These factors, in turn, may compel youth to run away or join a gang—two circumstances that increase their odds of sexual exploitation. Some Native youth embrace gangs because they emphasize identity and culture similar to tribal life, Morris says, only to be exploited by their new “family.”

“Maybe there’s just one abuser within that gang, but they’re all brothers. [If you leave], you don’t just hide from one individual. You have to hide from everybody.”

Finding What Works

So how do family and youth workers help Native youth avoid trafficking, or escape an exploitative situation?

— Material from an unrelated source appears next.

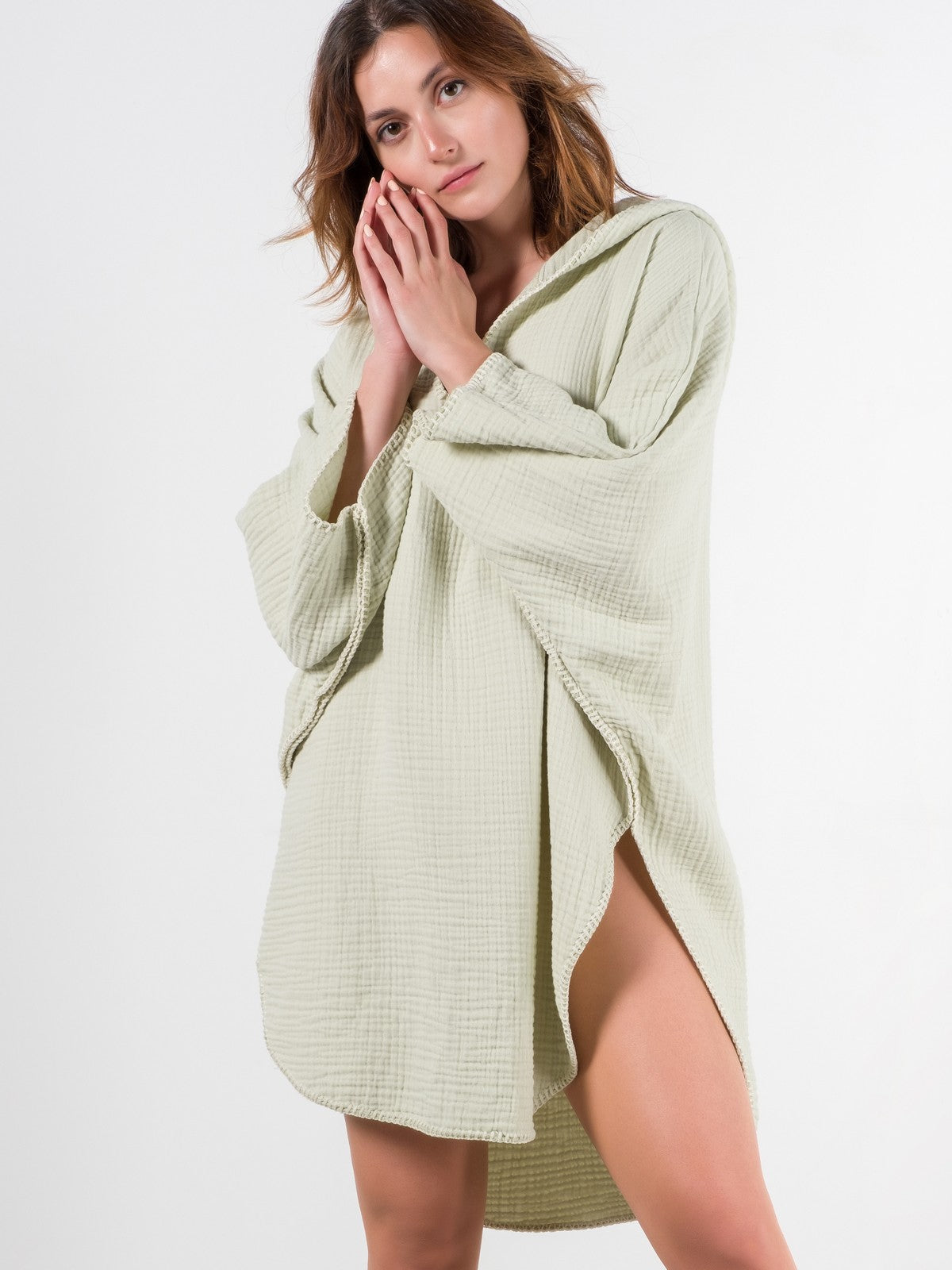 COCOON PONCHO | LIGHT GREEN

  • Screen for trafficking during the intake process: Simply adding questions to your intake form isn’t enough, Koepplinger says, particularly when the words used don’t resonate. Instead of asking youth if they’ve ever been trafficked, for example, agencies can ask more nuanced questions like if they’ve ever traded sex for food, or whether they know someone working as a pimp.
  • Educate staff on Native issues: Each tribe’s culture can be very different, so it’s important to learn about the tribes near your area. Native-centric organizations like NAYA can also provide tips and resources for improving staff’s cultural competence.
  • Give voice to survivors: At MIWRC, survivors are invited to help lead initiatives to share their success stories and provide mentorship to struggling youth.
  • Understand that cycles take time to break: Family and youth workers cannot force a young person to leave a dangerous environment, Koepplinger says, but they can consistently offer to be there for youth when the time is right. “Pimp control is very deep, and it’s an emotional bond. You can’t break that bond. You have to replace it.”